Humans have throughout time had the need to be able to measure time.  They have seen the seasons pass.  Maybe our forefathers noticed that the moon regularly got larger and smaller.  In Arabic time calculations, a rotation of the moon was equivalent to one month.  The western way of calculating a month is a little different.

Jesus’ birth was a large enough even that it is considered year 0, but the Arabs calculate time’s beginning when the prophet Mohammed fled to Mecca from Medina, in other words 622 years after the birth of Jesus.  This and the different calculations of the month, cause us to calculate from different points in time.

One philosophical question is when time actually began.  Some researches thing that it all began with the “Big Bang”.  It was when the universe began to expand and move which it is still doing.  The question is then how were things before time and space?

When the mail was delivered in Sweden’s countryside during the 1600’s, farmhands walked with the letters.  They were required to keep a speed of 10 km in two hours.  If they walked slower than they could be jailed with only water and bread for a week.

In the 1800’s, the mail was regularly sent between Stockholm and Ystad, a distance of 56 Swedish Miles (560 km).  There were many changes in horse on the way because the horses were only allow to be ridden for 3 Swedish miles (30 km) before they needed to be changed.  The trip started in Stockholm at 6 o’clock on Saturday evening and arrived in Ystad Thursday evening.  The speed has increased compared to walking.

When the railroads were built in the middle of the 1800’s, mail delivery when much quicker.  A trip between Stockholm and Gothenburg took 12 hours.
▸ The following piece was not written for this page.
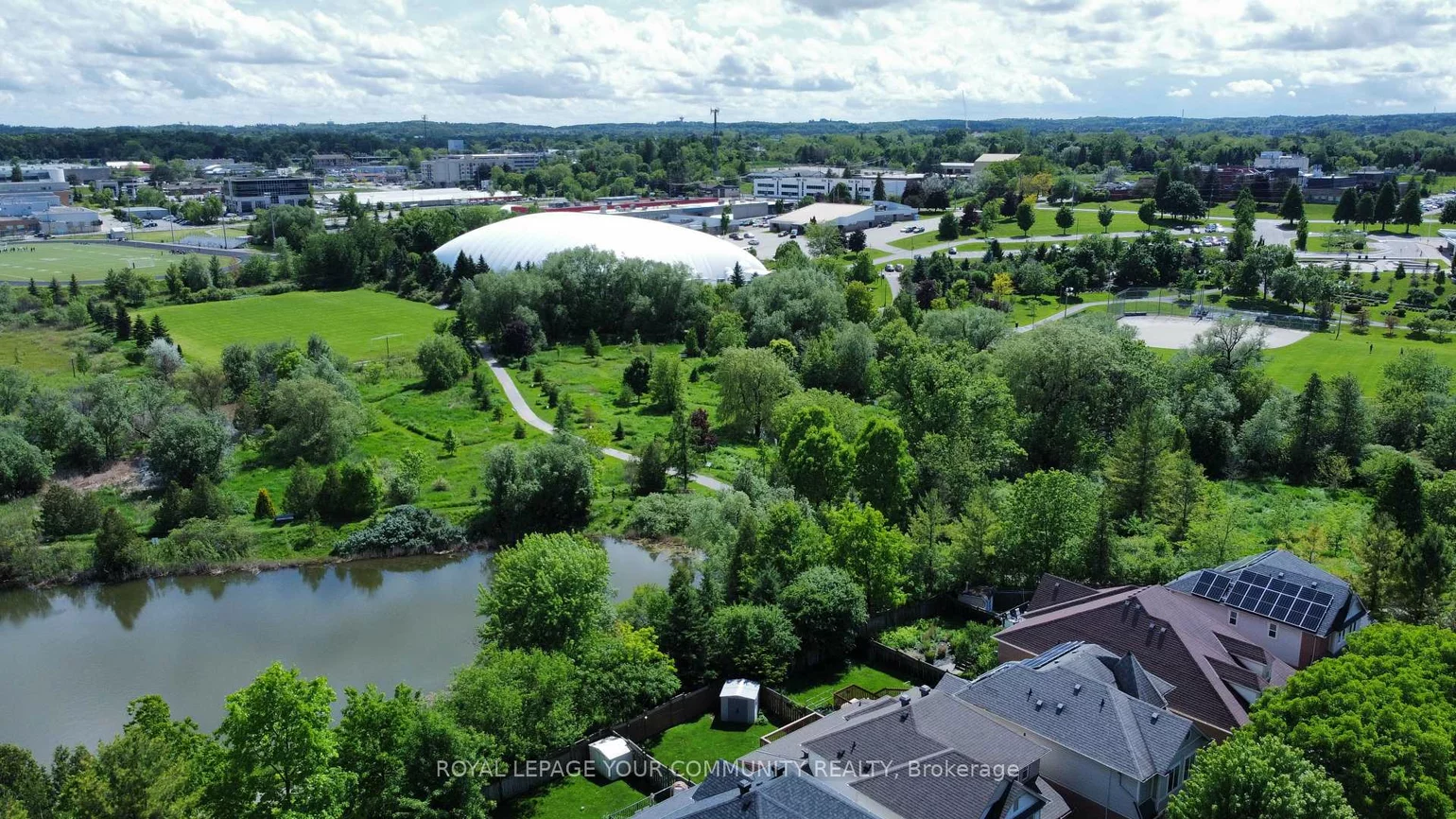 42, Woodroof, Bayview Wellington, Aurora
No one can travel faster than light, but trying to calculate how fast light moves has kept many a scientist busy.  It is said that Galileo Galilei tried to do a practical experiment to fine the speed of light.  He used two lamps and a watch.  A person would stand at the end of a measured distance and light a lamp and at the same time start his watch.  When the light got to the other end of that distance, the other person would light their lamp.  When the first person saw the light, he would stop his watch.  Then they had both a measured time and a distance for the light and could therefore calculate light’s speed, but the value they got was not exact.